Self Service Data Preparation by Advanced Spreadsheet Users is Becoming a Waste of Time and a Danger of Data and Analysis Integrity
New data behavior such as the rapid increase in the amount of data, the variety of new data, the all-presence of its unstructured form, etc. makes the preparation of data for its analysis more and more complex. At the same time, data preparation is becoming increasingly critical. Data Preprocessing tasks such as standardization or merging, and Data Hygiene tasks such as cleansing or augmentation are vital elements to ensure meaningful and useful analysis for decision taking (refer to Big Data Processing Cycle and The Pitfalls of Not Following It for further info.)
Though the research does not follow the same data analytics cycle steps of the Big Data Processing Cycle as described by DigitalFullPotential.com, it covers many of its preliminary tasks. The results are not surprising for those using the spreadsheet in their daily work, but they show a phenomenal improvement opportunity just in wasted time savings alone, not to mention the error-prone related to self service data preparation.
“Each advanced spreadsheet user can spend up to 9 hours per week repeating effort when data sources are updated. In Europe alone, this represents 2 billion hours of duplicate work” Source: IDC and Alteryx Advanced Spreadsheet Users Survey in Europe.
Tasks such as copy-paste, which is the most mentioned method of data acquisition into analytics spreadsheets is a source of waste, weariness and human errors, with no value added. Respondents of IDC study use spreadsheet file links and other functions like VLOOKUP as well, though with less frequency than cut-and-paste. These methods are also prone to repetitive work and errors as original spreadsheet links are easily broken and overwritten.
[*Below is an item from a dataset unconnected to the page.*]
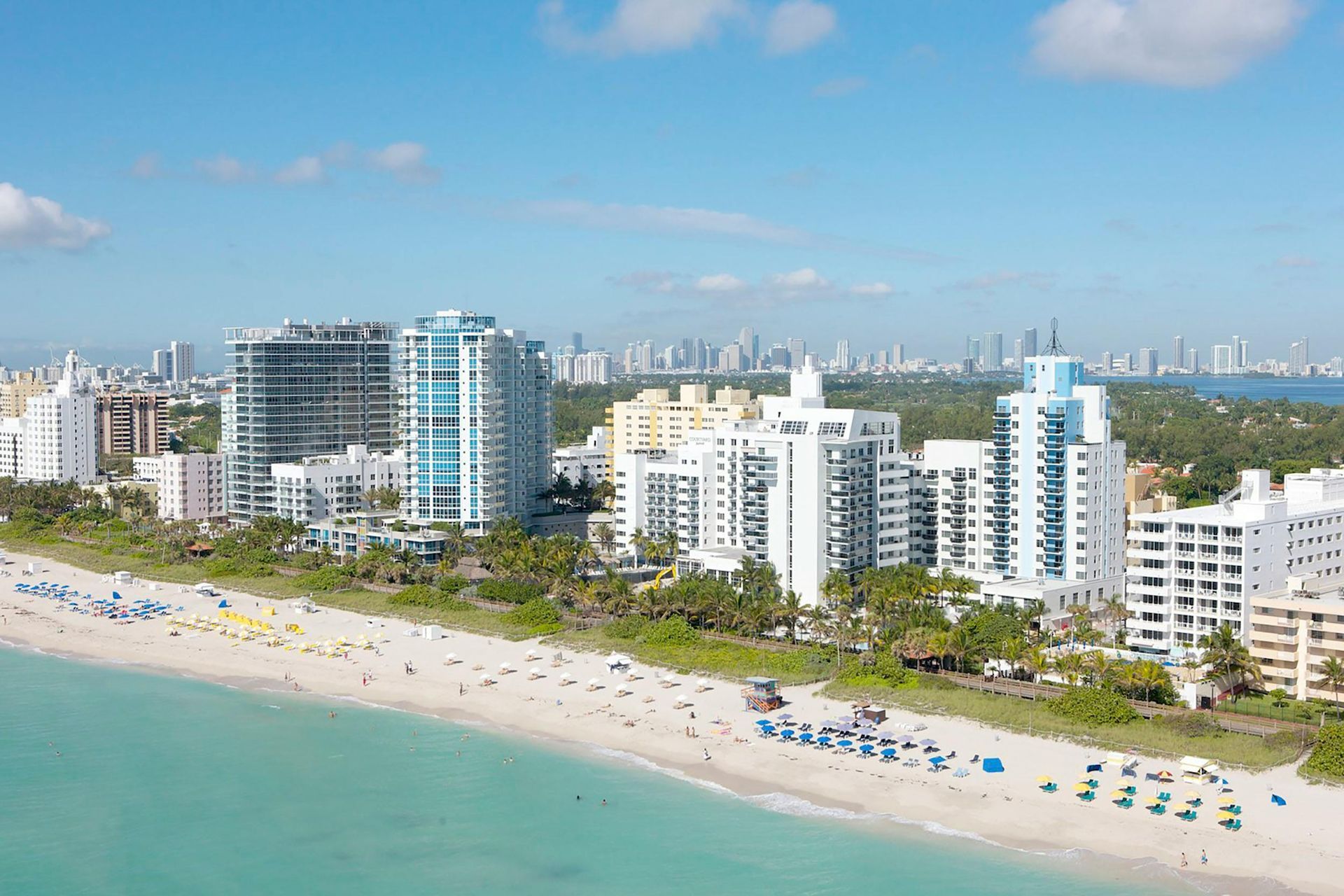 Sunny beach with turquoise water, white apartment buildings, and umbrellas along the shore under a blue sky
Compliance implications associated with these data handling processes were not reviewed in the study but should also be analyzed by any company using sensitive data.
A new kind of self service data preparation apps has emerged. However, many companies are not adopting them. The main three concerns mentioned are:
- implementation times
- compatibility with other applications
- high cost
As recommended in the study, a business case based on time/cost savings, error elimination and modern apps would make economic sense for most companies.